Полина качает головой. Стоя ко мне спиной, она натягивает сорочку.
— Эй, пупсон? — прошу ее повернуться.
— Да?
— Секс с тобой — просто фантастика.
Полина улыбается.
— Взаимно.
Уже в пороге я снова ее окликаю.
— Полин? — на этот раз серьёзным тоном.
— Что? — оглядывается девушка.
— У всех в жизни бывает хреновая полоса. Я уверен, у тебя все наладится.
Она несколько раз кивает.
— Надеюсь на это.
А затем спускается по лестнице…
5. Полина
С намерением дочитать начатую недавно книгу, я устраиваюсь на террасе, куда солнце не заглядывает первую половину дня. Только совершенно не улавливаю смысла, читая по кругу один и тот же абзац.
Мысли постоянно возвращают меня к событиям прошлой ночи, на губах играет глупая улыбка, а я пытаюсь понять, что чувствую.
Без понятия.
После всего того разврата, который мы устроили с Тёмой в мансарде, нужно быть дурой, чтобы заниматься самобичеванием и грызть ногти, сетуя, какую ошибку я совершила. Это бессмысленно.
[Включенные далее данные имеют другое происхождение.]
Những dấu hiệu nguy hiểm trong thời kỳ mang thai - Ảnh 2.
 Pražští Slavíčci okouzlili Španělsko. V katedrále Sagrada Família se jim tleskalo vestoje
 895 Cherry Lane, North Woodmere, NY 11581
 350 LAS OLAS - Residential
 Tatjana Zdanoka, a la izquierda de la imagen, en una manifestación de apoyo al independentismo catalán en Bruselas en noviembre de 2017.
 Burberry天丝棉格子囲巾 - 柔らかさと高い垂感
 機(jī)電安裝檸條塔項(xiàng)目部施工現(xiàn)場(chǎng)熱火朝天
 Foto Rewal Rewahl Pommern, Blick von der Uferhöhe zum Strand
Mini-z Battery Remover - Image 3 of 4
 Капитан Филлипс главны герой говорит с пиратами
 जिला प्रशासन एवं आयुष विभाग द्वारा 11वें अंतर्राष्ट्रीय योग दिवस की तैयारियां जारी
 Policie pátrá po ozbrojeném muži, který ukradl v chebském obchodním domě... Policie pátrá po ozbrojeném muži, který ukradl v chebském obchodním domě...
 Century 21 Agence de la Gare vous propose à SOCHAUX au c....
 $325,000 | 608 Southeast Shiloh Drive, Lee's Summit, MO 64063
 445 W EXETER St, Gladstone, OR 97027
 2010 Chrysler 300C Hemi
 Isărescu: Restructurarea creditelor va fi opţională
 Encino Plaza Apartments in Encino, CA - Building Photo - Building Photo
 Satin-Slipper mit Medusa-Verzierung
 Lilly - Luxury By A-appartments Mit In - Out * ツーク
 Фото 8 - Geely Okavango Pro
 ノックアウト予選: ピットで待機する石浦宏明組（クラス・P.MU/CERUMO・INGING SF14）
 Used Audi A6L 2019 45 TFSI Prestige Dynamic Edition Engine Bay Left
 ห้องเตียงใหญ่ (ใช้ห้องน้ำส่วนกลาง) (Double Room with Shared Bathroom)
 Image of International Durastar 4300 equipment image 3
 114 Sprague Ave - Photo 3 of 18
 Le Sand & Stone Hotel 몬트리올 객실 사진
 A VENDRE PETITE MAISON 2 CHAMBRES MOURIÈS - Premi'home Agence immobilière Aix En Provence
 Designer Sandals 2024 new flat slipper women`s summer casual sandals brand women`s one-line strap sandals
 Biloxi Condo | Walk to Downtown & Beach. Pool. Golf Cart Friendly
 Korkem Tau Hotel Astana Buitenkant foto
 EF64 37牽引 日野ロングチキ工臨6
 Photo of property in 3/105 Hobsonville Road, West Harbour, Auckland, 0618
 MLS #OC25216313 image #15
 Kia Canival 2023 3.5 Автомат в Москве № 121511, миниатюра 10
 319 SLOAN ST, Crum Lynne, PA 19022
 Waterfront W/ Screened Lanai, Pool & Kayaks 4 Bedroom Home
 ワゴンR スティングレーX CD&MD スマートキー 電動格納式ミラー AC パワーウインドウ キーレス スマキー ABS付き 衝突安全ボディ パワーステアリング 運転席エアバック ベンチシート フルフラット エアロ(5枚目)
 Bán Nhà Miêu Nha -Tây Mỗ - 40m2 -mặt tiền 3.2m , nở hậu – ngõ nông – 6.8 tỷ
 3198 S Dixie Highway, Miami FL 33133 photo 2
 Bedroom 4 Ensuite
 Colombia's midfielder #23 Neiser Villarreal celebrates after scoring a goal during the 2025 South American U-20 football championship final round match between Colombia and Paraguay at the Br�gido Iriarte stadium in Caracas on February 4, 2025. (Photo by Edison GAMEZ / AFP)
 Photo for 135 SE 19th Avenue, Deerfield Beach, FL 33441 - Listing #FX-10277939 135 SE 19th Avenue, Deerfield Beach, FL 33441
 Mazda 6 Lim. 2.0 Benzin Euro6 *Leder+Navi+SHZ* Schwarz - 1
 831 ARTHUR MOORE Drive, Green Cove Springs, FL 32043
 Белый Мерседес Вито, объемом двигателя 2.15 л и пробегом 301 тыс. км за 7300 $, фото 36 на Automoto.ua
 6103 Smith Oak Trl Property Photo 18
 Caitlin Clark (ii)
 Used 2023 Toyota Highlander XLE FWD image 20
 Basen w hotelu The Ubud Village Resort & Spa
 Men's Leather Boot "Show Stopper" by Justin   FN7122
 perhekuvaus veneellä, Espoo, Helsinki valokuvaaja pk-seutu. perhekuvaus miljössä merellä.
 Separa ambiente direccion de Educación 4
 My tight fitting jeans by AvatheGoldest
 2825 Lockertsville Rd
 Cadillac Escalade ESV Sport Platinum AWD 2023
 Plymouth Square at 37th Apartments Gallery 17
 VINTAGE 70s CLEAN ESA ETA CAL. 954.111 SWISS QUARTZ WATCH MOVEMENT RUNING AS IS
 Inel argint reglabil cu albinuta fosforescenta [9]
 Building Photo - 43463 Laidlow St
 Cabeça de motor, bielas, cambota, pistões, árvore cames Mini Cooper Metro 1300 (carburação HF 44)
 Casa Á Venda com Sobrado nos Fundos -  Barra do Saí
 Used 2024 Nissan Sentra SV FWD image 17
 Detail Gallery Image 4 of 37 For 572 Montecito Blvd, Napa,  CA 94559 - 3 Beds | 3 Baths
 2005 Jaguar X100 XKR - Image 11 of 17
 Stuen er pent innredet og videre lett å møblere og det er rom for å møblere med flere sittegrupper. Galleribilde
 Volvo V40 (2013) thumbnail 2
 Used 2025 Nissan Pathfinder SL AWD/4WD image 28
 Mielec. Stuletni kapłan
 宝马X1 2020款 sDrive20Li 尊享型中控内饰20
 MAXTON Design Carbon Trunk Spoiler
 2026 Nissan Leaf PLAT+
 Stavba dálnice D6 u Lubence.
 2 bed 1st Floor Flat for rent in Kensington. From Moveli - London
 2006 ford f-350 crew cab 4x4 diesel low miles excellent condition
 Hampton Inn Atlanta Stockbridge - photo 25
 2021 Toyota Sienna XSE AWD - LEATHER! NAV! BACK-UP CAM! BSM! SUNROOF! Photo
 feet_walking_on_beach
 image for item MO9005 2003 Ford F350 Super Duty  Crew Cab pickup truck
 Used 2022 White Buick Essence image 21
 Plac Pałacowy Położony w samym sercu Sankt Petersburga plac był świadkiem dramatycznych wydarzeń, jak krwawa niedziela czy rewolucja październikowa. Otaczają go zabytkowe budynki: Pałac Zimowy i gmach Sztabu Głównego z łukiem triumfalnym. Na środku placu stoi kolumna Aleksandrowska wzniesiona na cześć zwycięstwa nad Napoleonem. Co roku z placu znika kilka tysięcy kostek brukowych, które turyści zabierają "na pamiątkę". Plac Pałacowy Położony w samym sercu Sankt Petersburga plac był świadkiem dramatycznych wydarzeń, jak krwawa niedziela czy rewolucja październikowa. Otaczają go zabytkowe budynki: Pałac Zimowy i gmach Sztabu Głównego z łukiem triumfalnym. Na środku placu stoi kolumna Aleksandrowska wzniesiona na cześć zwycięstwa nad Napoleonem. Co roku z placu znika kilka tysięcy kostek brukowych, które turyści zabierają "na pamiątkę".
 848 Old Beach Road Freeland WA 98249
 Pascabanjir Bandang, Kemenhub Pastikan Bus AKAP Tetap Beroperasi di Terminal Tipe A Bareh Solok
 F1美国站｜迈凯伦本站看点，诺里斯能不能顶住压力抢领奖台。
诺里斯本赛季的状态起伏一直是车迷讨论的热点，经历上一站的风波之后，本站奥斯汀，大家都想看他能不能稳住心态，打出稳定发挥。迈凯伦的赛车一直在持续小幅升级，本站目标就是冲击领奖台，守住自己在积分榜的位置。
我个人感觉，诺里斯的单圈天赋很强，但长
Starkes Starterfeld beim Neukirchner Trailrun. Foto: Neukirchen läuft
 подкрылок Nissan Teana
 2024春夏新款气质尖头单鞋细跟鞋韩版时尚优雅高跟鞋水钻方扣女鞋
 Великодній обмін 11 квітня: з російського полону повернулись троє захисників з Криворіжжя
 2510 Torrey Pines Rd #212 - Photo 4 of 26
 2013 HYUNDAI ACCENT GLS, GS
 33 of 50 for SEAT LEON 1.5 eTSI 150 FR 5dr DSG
Один несчастный перепих еще можно было бы назвать ошибкой, но только не ночь отвязного секса, которая принесла мне массу наслаждения.
И я совершенно не думаю о Виталике.
Вернее, прямо сейчас думаю, но не в том смысле, как прежде. Язык и член Рогозина, которые вчера побывали между моих ног, расставили все по местам — не так уж я, выходит, и страдала по поводу развода.
Спасибо ему за это. За его расчудесные умения и настойчивость.
Вчера у меня ещё были сомнения, стоит ли оставаться здесь с Тёмой, но сегодня такой вопрос не стоит.
Конечно я останусь.
А завтра приеду домой с совершенно новой стратегией, подсмотренной у Рогозина, и попробую жить также легко и беззаботно, потому что больше не собираюсь чувствовать себя несчастной.
Я снова возвращаюсь к абзацу, а затем вскидываю голову. Входная дверь распахивается, и на террасу, потирая глаза, выходит Тёма.
— Ты не уехала, — произносит он с сонной улыбкой и выглядит очень трогательно.
— Как видишь, нет, — покачивая ногой, замечаю я. — Не хочу сдохнуть от жары в каменных джунглях.
Парень щёлкает шейными позвонками, лениво потягивается, демонстрируя темную поросль под мышками. Его тело красиво изгибается, торс вытягивается, и мой взгляд приковывает выпирающий холм под бельём. На нем только боксеры.